DATASET EXTRACT section start

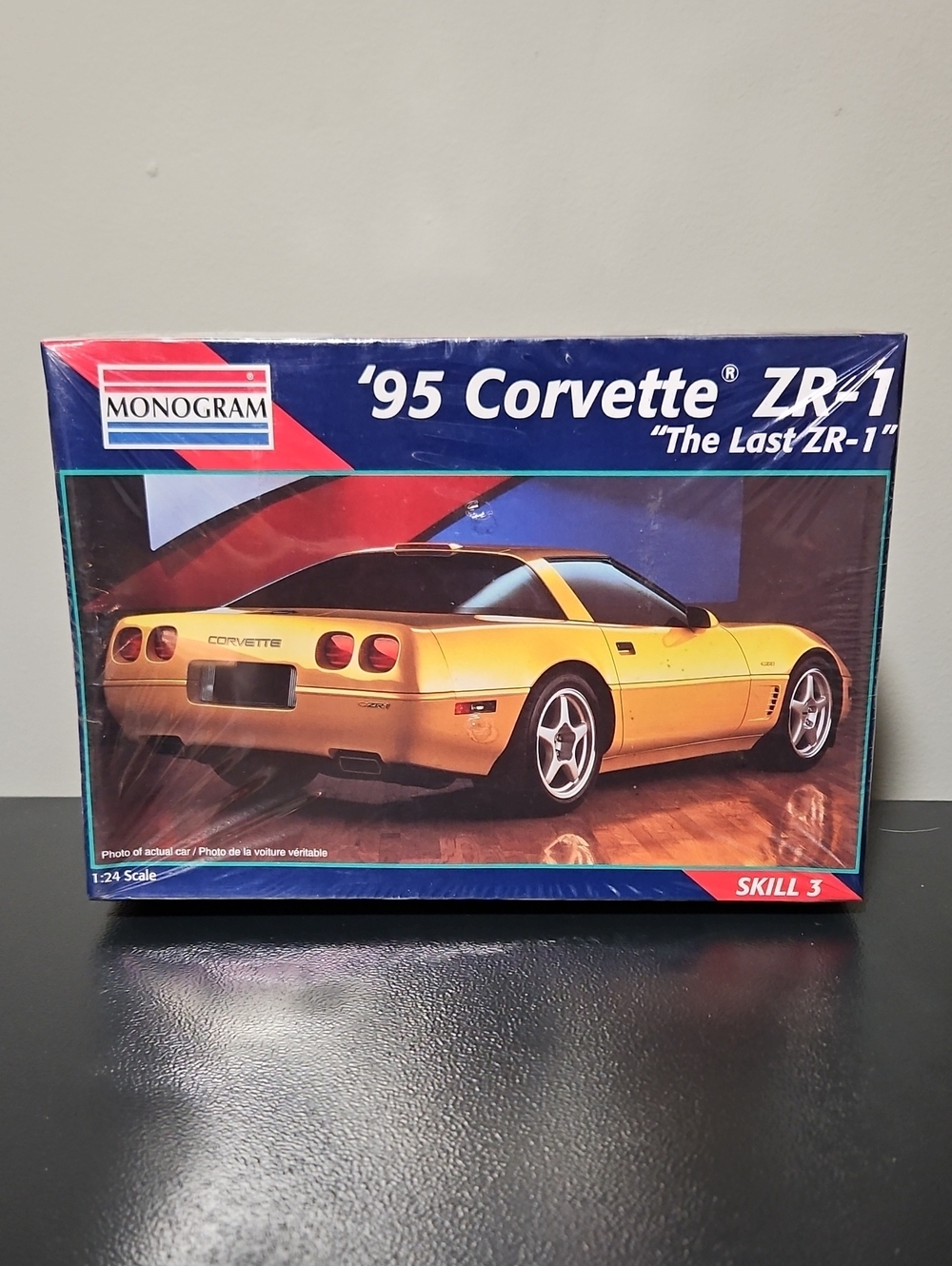 '95 Corvette ZR-1 Vtg Plastic Model Kit By Monogram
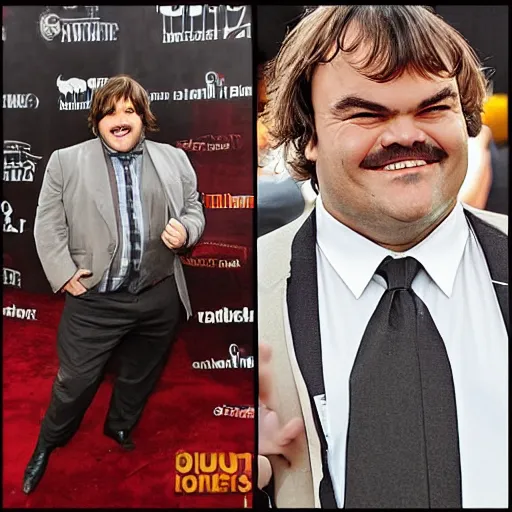 Prompt: Jack black as a Gigachad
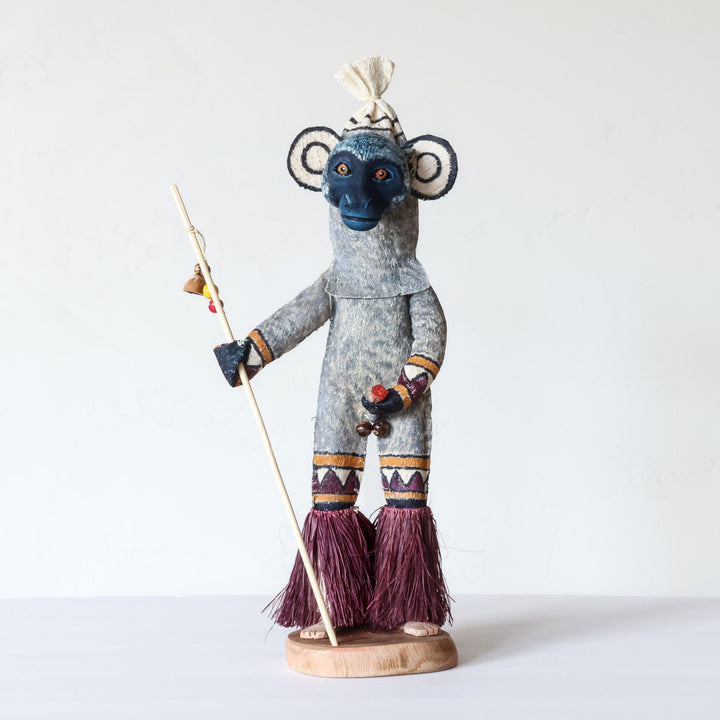 Companion Monkey - Ticuna Ceremonial Spirit Doll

DATASET EXTRACT section end

Everything in the listing above must be retyped exactly, except for the pictures.

■ **EXERCISE RESPONSE**:
 '95 Corvette ZR-1 Vtg Plastic Model Kit By Monogram
 Prompt: Jack black as a Gigachad
 Companion Monkey - Ticuna Ceremonial Spirit Doll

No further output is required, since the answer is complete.